14:00-15:00 Session 7: Trends: Assuring Machine Learning
Roberto Giacobazzi (University of Verona, Italy)
Location: Google
Patrick Cousot (New York University, United States)
Abstract Semantic Dependency

ABSTRACT. Dependency is a prevalent notion in computer science. There have been numerous informal or formal attempts to define viable syntactic and semantic concepts of dependency in programming languages with subtle variations and limitations. We develop a new value dependency analysis defined by abstract interpretation of a trace semantics. A sound approximate dependency algorithm is formally derived by calculational design. Further abstractions provide information flow, slicing, non-interference, dye, and taint analyses.
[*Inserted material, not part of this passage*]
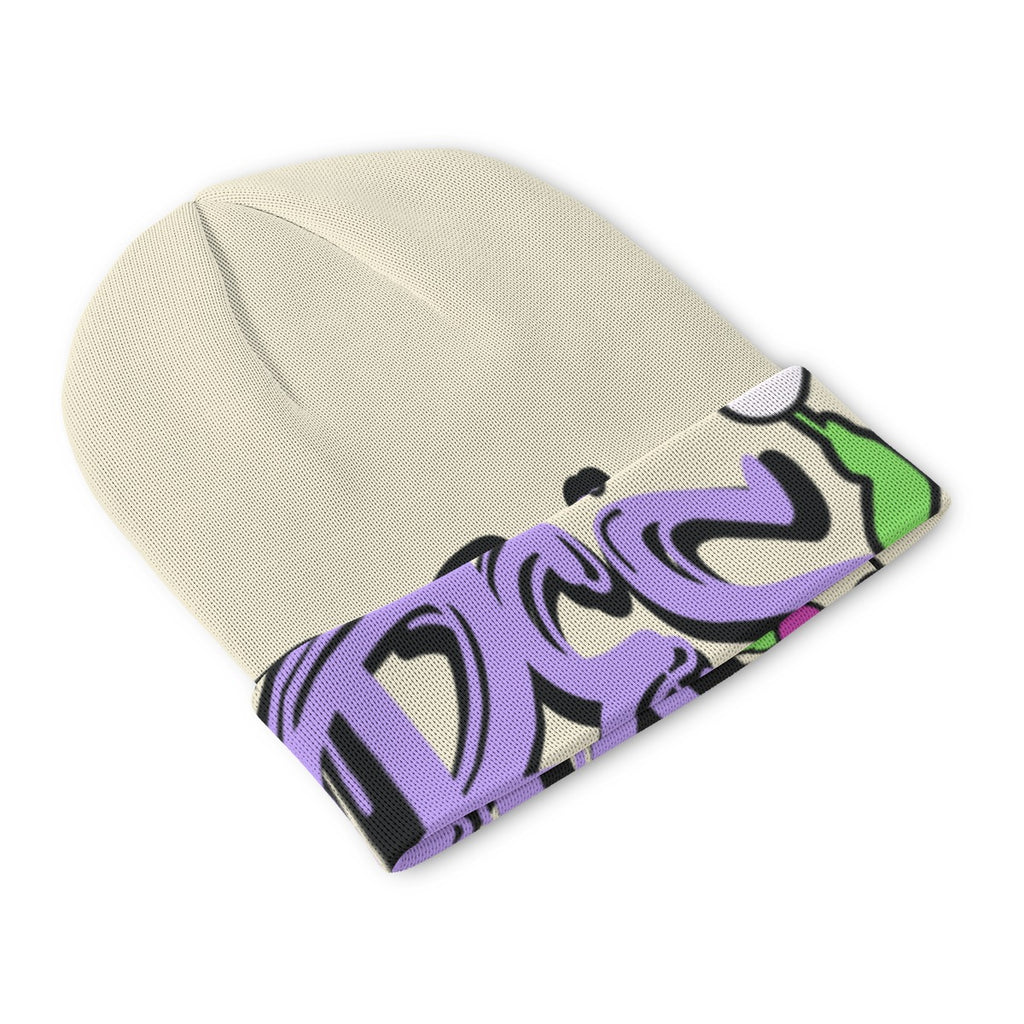 Cool Vibes Beanie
Jianlin Li (Institute of Software Chinese Academy of Sciences, China)
Jiangchao Liu (National University of Defense Technology, China)
Pengfei Yang (Institute of Software Chinese Academy of Sciences, China)
Liqian Chen (National University of Defense Technology, China)
Xiaowei Huang (University of Liverpool, China)
Lijun Zhang (Institute of Software Chinese Academy of Sciences, China)
Analyzing Deep Neural Networks with Symbolic Propagation: Towards Higher Precision and Faster Verification

ABSTRACT. Deep neural networks (DNNs) have been shown lack of robustness for the vulnerability of their classification to small perturbations on the inputs. This has led to safety concerns of applying DNNs to safety-critical domains. Several verification approaches have been developed to automatically prove or disprove safety properties of DNNs. However, these approaches suffer from either the scalability problem, i.e., only small DNNs can be handled, or the precision problem, i.e., the obtained bounds are loose. This paper improves on a recent proposal of analyzing DNNs through the classic abstract interpretation technique, by a novel symbolic propagation technique. More specifically, the values of neurons are represented \emph{symbolically} and propagated forwardly from the input layer to the output layer, on top of abstract domains. We show that our approach can achieve significantly higher precision and thus can prove more properties than using only abstract domains. Moreover, we show that the bounds derived from our approach on the hidden neurons, when applied to a state-of-the-art SMT based verification tool, can improve its performance. We implement our approach into a software tool and validate it over a few DNNs trained on benchmark datasets such as MNIST, etc.